Произнося свою простую, будничную реплику, Бэйла наперед знала все это. Но она знала и другое. Надо жить и делать свое вечное дело. Разжигать примус, греть молоко. Потому что ребенок проснулся, и надо его накормить. Не думая о том, что вот-вот в их халупу ворвется какой-нибудь из этих добродушных, но способных к убийству хозяйственных мужиков, и… Нет, лучше не думать о том, что будет с проснувшимся маленьким Алешей, и с ними со всеми, если это произойдет…
Вот почему эта простая, будничная реплика Бэйлы звучит не так уж буднично.

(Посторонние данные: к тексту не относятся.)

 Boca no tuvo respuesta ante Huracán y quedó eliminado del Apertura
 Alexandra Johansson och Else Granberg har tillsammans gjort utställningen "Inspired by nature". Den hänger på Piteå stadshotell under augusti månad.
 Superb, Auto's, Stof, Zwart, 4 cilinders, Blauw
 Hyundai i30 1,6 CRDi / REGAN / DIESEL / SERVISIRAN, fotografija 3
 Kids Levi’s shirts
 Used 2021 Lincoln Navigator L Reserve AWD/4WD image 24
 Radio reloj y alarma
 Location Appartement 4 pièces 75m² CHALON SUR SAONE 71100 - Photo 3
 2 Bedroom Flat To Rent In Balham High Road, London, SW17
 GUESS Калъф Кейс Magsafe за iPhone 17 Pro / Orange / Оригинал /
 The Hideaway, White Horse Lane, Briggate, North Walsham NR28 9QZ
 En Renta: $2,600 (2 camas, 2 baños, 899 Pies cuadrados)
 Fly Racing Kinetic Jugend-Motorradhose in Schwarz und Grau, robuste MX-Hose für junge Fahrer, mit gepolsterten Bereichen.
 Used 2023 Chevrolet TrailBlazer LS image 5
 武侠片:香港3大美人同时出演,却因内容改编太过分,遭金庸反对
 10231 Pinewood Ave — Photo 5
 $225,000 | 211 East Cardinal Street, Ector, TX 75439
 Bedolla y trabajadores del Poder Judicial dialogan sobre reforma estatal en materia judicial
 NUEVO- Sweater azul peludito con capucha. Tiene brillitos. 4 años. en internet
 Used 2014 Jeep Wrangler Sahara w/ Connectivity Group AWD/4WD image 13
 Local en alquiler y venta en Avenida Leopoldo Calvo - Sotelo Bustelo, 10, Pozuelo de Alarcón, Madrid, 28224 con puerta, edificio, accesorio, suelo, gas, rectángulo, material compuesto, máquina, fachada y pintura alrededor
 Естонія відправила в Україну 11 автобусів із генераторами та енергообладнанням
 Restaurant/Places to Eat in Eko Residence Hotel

По-своему, она даже героична – эта реплика. Не менее героична, чем внезапный порыв забывшей обо всем на свете и ринувшейся вслед за отрядом идущих на смерть курсантов Вавиловой.
Эти две героические темы образуют своего рода контрапункт, полифоническое сочетание разных, несхожих между собой мелодий, сливающихся в некое гармоническое целое. И именно вот эта полифония несет в себе едва ли не главное обаяние и главную примету художественной подлинности этого раннего гроссмановского рассказа.
Баллада о холостяке и об отце семейства
Так называлась небольшая поэма, которую Евгений Винокуров опубликовал в самом конце 60-х.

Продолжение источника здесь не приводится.